Eduardo García García
Institutional Dean of Engineering, Design and Architecture
Gerardo de Alba Mora
Gerardo de Alba Mora
National Energy Director
View from the Top

Working with Industry to Tailor Learning

Wed, 01/20/2016 - 10:50

Q: How is your program adapted to provide students with the entire breadth of proficiencies required by the market, and what does the typical UVM graduate look like?

EG: The international context is important for UVM. The University is part of Laureate International Universities, the most important Universities Network worldwide, with a presence in 30 countries, more than 80 Institutions, and 1 million students. Our study plan is designed to expand our students’ vision through international exchange schemes and collaborations with universities abroad. In line with this international approach, we place a strong emphasis on the teaching of English. Soft skills are also developed in our courses, as we consider them just as fundamental as technical skills such as leadership, negotiation, teamwork, communication, and social responsibility. Looking at current industrial needs, we also teach classes associated with safety and information technology due to the current importance of data. As a Higher Education Institution, we have always considered it important that our students develop these skills essential to the private industry.

Q: How do you work with public organizations and private companies to ensure your teachings are in line with their requirements?

GA: Our model is based on skills generation. In order to make sure that the proficiencies we are teaching our students are those that the market is looking for, we have developed close ties with the regulating entities because these have taken on an active role in identifying needs in the national oil and gas market. We then use this information to implement classes that will transfer the necessary skills for these needs to our students. In addition to this approach, UVM also communicates directly with the industry. We have created an academic council formed by a majority of industry members where we monitor and evaluate current teaching programs, and identify the necessary updates in order to anticipate and cater to industry needs. We also work toward developing entirely new study programs that we believe will be needed in the future. An additional way we ensure top quality academic programs is through our links with other institutions, be they local or abroad. We are aware that no one institution has all of the capabilities required by the industry, which is why we have adopted this open approach to working with academic centers, training centers, and research centers. 

EG: These councils are our way of remaining in touch with the industry’s needs, as they provide us with constant feedback around what is happening, what is going to occur, and how well we are doing. Additionally, the links that we have developed with companies allow us to evaluate and incorporate necessary industrial competence certifications, such as the Rig Pass and the Well Sharp. Others are required by leading companies such as Halliburton, Weatherford, and Schlumberger, and these certifications ultimately contribute to the increased employability of our students. Moreover, we are part of the advisory councils for certain commissions of the Ministry of Energy in topics surrounding the development of talent and value chains for the entire energy sector. The close relationship we are consolidating with the industry also provides benefits for private companies, knowledge sharing, research on trends, and the development of talent.

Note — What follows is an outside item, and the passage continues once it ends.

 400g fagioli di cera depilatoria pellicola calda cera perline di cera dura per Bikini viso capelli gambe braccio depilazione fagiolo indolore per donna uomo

The oil and gas industry needs more than just hydrocarbons engineers, also requiring mechanical, chemical, and civil engineers to complement the talent required by the industry.

Q: Being generally perceived as a male dominated industry, how can you attract more women to work in the oil and gas sector?

EG: UVM places a considerable emphasis on women, which is reflected in all of our advertisement platforms. We cannot ignore the fact that women represent 52% of the workforce in Mexico, and organizations should strive to take advantage of this resource. At the moment, the portion of women in UVM’s engineering courses is 17%. Our aim is to increase this figure year on year, and in fact, our latest oil and gas engineering promotion has 20% female representation. UVM is striving to understand what can be done to bring more women into these traditionally male degrees, promoting our courses through media, and also at events and forums. We were present in different forums to promote the participation of women in engineering. It is not only about achieving a gender balance, but also about taking advantage of the competitiveness, innovation, and creativity that women display each day.